---- SOURCE INFORMATION

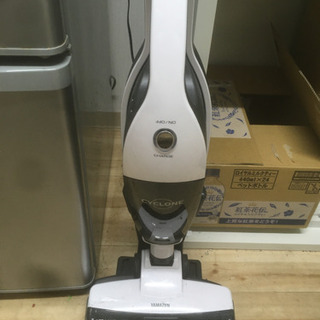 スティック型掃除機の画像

--------
---- SOURCE INFORMATION

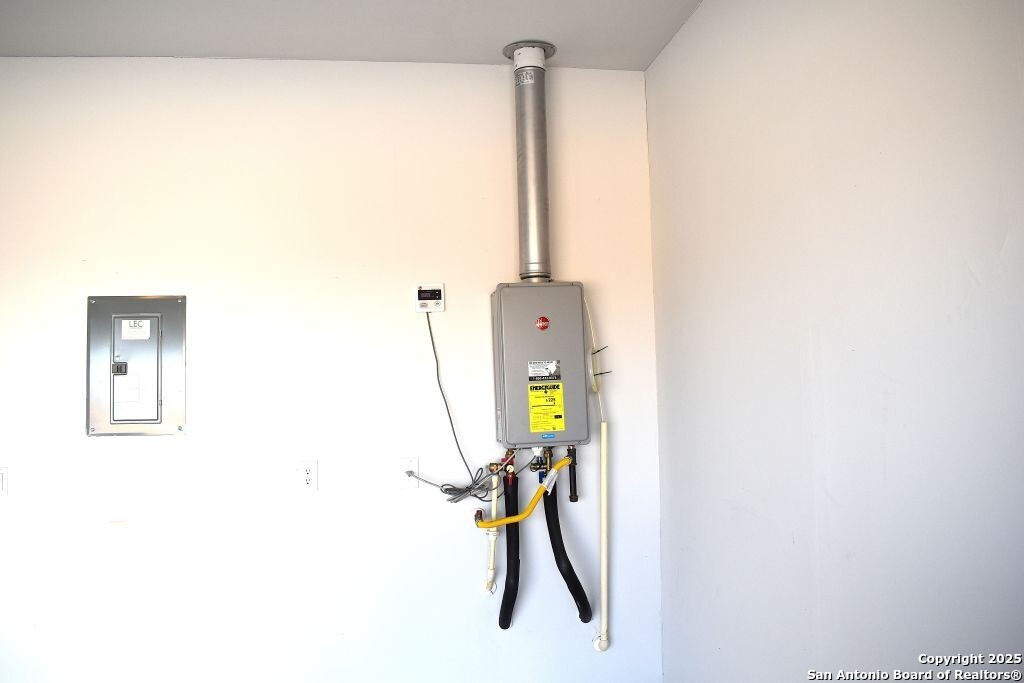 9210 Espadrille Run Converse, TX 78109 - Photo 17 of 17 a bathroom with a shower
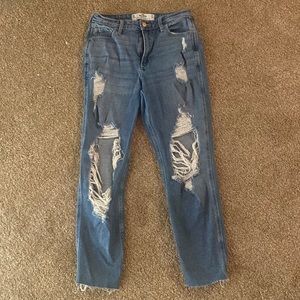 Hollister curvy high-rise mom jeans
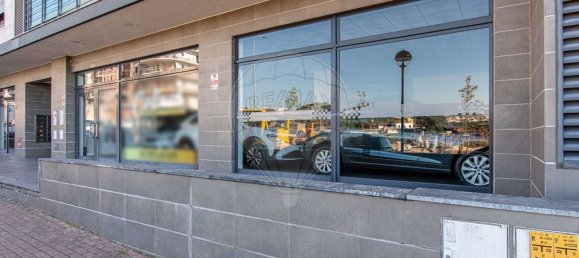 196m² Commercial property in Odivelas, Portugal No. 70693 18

--------

**PROBLEM REQUIREMENTS:**
Word for word, retype the lines in the entries above that run from the one with "Hollister curvy high-rise mom jeans" through the one with "196m² Commercial property". Both ends count; pictures do not.

**RESPONSE BOX:**
 Hollister curvy high-rise mom jeans
 196m² Commercial property in Odivelas, Portugal No. 70693 18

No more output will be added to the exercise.